WikiLeaks, et puis après?

WikiLeaks - la grande manipulation



J'ai toujours cru que si, par magie ou par un quelconque tour de passe-passe — le don d'invisibilité, ou encore des complicités extraordinairement bien placées —, je pouvais entendre tout ce qui se dit à la Maison-Blanche, à l'Élysée, au Bureau permanent du Parti communiste chinois, dans ces officines de haut rang où les supposés «grands» font la politique et la diplomatie de ce monde, je serais frappé par la banalité de 99,99 % de ce qui s'y dit.

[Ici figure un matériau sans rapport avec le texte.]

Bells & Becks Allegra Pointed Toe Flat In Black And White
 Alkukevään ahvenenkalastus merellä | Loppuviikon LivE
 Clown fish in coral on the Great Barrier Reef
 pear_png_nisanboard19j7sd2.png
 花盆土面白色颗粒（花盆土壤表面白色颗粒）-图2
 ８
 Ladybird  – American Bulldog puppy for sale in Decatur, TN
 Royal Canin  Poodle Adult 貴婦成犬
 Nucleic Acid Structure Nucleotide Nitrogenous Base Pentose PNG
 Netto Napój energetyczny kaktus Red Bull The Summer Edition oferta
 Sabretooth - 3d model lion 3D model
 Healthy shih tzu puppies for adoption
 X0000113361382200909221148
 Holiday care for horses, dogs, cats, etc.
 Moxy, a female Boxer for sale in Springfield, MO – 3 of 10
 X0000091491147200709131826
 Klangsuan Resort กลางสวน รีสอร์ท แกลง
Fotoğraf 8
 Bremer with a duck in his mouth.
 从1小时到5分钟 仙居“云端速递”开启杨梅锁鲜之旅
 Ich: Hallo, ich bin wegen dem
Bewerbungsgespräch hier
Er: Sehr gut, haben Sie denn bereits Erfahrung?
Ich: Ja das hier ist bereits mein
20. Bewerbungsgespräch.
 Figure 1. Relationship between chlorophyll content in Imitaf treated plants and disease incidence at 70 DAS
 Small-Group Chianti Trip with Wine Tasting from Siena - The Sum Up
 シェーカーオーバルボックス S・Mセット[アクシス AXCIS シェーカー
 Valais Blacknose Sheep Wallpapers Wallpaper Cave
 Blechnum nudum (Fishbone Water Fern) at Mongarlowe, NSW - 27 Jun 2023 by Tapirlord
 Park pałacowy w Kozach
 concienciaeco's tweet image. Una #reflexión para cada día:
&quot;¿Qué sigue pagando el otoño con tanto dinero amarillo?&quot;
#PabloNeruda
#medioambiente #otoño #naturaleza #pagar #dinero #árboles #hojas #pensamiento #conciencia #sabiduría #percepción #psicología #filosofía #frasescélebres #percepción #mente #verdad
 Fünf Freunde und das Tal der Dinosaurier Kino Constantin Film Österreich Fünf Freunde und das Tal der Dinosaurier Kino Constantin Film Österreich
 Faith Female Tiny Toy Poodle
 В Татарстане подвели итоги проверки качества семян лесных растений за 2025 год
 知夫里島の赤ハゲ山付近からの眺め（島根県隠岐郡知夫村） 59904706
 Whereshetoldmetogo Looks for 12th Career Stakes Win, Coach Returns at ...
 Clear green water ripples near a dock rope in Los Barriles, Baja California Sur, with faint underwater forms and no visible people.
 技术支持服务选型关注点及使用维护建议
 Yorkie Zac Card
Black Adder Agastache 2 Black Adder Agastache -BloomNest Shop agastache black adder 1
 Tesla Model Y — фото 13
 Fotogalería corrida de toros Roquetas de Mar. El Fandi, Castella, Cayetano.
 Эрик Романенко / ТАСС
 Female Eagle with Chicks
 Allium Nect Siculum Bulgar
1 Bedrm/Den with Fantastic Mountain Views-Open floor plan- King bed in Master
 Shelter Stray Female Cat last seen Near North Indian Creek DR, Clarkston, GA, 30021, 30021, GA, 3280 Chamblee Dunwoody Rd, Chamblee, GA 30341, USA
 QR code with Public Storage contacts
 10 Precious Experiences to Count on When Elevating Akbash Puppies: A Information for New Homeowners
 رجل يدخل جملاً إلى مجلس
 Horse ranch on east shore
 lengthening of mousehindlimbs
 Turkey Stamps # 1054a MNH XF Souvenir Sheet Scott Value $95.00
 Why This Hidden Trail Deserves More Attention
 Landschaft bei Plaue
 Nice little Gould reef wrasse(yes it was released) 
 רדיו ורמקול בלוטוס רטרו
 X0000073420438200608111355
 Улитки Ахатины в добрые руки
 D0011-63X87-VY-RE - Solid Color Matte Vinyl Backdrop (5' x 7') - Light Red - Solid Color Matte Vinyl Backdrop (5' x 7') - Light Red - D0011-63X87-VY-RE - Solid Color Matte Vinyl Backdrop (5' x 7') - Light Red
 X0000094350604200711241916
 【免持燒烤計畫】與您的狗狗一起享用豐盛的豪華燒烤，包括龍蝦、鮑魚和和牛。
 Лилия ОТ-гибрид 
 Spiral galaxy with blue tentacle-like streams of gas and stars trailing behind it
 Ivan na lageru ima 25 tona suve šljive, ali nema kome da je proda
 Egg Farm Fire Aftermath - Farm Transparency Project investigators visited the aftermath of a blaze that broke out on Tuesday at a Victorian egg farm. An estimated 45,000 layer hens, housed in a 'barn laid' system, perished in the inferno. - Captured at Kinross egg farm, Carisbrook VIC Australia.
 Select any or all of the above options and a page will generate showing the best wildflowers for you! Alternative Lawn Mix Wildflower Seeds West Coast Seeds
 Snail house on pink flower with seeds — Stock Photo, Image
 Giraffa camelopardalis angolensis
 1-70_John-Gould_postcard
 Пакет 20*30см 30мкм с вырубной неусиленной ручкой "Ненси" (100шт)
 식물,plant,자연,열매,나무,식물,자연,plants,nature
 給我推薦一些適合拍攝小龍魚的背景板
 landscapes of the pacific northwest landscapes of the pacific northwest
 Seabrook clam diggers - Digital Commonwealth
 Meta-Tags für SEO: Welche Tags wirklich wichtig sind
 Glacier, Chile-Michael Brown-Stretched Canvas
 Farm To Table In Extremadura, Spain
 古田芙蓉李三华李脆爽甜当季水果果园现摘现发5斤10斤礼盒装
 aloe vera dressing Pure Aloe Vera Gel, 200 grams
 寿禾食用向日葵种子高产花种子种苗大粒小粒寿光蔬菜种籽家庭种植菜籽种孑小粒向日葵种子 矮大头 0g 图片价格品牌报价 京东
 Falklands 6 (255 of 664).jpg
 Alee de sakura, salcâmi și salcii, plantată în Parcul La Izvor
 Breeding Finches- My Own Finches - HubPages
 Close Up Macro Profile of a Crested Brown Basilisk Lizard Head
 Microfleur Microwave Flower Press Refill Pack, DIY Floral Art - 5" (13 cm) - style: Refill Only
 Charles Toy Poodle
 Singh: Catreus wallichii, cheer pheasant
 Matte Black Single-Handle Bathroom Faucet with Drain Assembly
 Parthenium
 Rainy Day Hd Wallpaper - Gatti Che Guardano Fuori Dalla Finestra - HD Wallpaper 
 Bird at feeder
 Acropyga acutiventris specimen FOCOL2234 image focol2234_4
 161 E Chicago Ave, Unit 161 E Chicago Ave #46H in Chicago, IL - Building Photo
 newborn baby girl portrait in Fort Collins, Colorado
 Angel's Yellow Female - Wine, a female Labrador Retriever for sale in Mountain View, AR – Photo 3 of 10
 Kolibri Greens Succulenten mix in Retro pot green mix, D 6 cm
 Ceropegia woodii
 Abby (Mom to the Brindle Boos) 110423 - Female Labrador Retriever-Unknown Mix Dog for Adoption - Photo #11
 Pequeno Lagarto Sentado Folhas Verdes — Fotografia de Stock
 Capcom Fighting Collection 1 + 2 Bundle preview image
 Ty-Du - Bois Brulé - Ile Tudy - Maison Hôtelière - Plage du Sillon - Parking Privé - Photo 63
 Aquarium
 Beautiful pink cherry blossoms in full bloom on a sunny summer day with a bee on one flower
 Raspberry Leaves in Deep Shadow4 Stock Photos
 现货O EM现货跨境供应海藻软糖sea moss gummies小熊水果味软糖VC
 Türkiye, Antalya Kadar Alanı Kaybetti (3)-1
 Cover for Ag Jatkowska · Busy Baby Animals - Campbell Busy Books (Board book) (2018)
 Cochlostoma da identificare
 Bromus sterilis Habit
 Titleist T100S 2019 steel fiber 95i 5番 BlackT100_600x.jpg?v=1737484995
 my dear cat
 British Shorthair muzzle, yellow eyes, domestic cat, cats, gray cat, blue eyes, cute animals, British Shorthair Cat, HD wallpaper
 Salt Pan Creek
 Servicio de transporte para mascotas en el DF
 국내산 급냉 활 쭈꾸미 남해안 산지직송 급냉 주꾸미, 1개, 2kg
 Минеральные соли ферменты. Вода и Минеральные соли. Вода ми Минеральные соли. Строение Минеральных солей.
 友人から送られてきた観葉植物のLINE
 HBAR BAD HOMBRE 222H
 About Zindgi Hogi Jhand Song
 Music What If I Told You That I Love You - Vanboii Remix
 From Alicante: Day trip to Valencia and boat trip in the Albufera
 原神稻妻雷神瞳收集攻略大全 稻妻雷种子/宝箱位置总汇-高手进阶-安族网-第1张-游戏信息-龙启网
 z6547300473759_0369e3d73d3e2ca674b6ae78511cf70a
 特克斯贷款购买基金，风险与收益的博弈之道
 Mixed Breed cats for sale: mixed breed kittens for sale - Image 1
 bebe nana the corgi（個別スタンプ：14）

Par la banalité des propos, mais aussi par l'ignorance qu'ils trahissent souvent. «Quoi? m'exclamerais-je sans doute. Ces gens de pouvoir et de "savoir privilégié", c'est donc ça qu'ils se disent derrière les portes closes du Bureau ovale?» Eh bien, madame! ils n'ont pas l'air d'en savoir tellement plus que vous et moi...
Les mémoires récemment publiés de George W. Bush frappent non par leurs révélations («J'étais sincèrement surpris qu'on ne trouve pas ces fameuses armes de destruction massive irakiennes», affirme-t-il sans rire, et la meilleure, c'est qu'il ne ment probablement pas...), mais plutôt par la candeur et le côté intuitif, extrêmement terre à terre, de son processus de décision. D'accord, le niveau de culture et de curiosité intellectuelle de ce président-là n'était pas celui de Kennedy, de Roosevelt ou de Mitterrand. Mais pourtant...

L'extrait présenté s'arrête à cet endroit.